Start of SOURCE MATERIAL

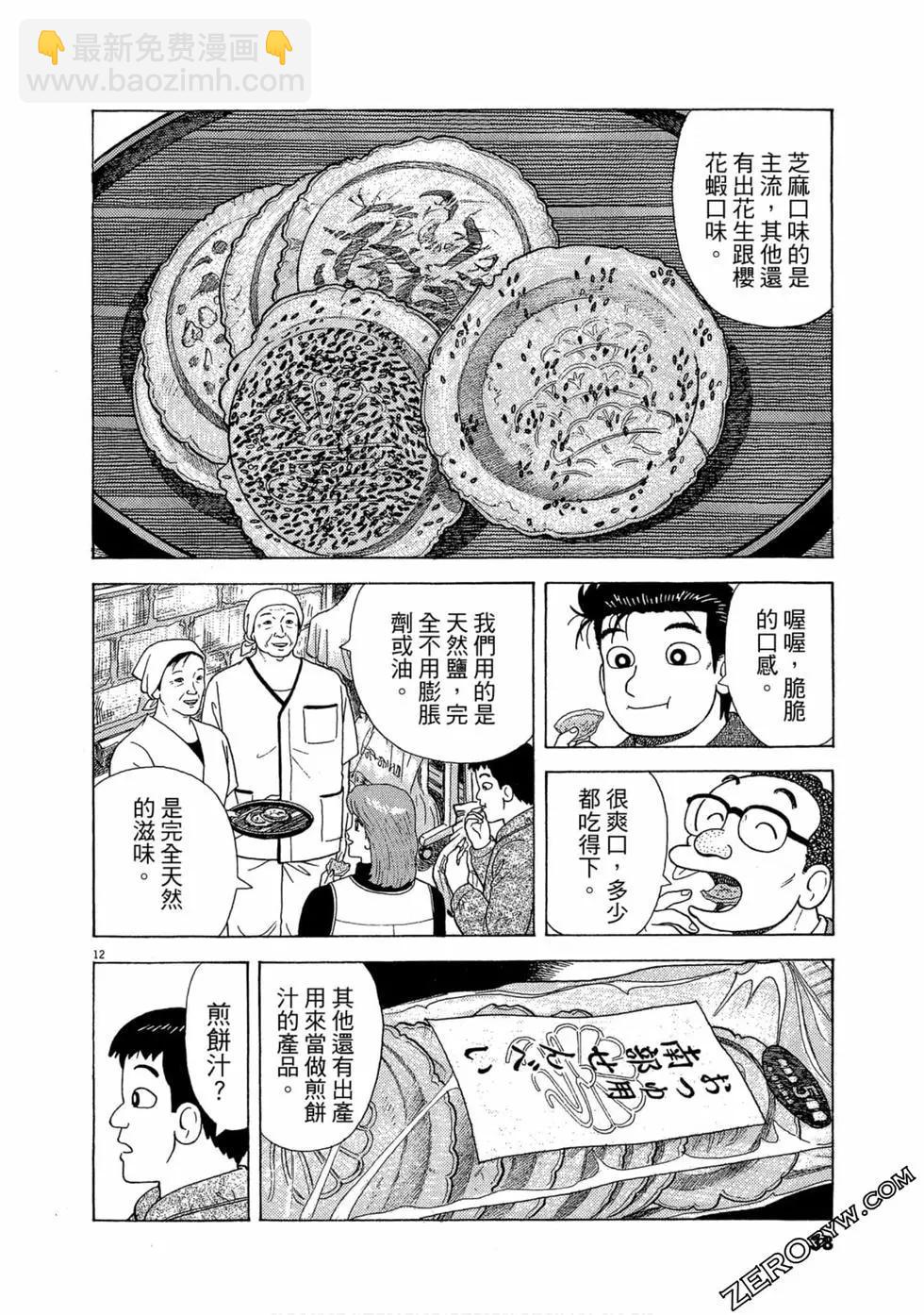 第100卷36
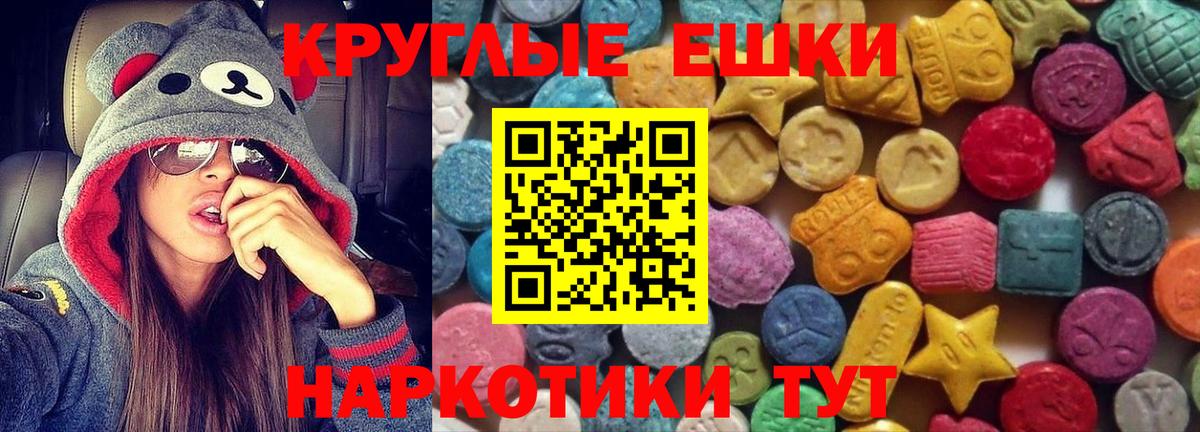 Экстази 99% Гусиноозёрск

End of SOURCE MATERIAL
Start of SOURCE MATERIAL

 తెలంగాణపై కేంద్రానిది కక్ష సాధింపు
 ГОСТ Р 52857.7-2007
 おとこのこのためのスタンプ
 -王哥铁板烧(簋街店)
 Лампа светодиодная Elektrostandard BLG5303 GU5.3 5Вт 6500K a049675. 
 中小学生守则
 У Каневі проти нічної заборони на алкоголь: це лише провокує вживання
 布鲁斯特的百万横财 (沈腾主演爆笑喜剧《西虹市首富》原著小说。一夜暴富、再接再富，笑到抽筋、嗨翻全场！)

End of SOURCE MATERIAL

*PROBLEM DESCRIPTION*. Extract exactly and only the lines above from the line containing "У Каневі проти" through the line containing "布鲁斯特的百万横财 (沈腾主", both end lines included.

*RESPONSE BELOW*.
 У Каневі проти нічної заборони на алкоголь: це лише провокує вживання
 布鲁斯特的百万横财 (沈腾主演爆笑喜剧《西虹市首富》原著小说。一夜暴富、再接再富，笑到抽筋、嗨翻全场！)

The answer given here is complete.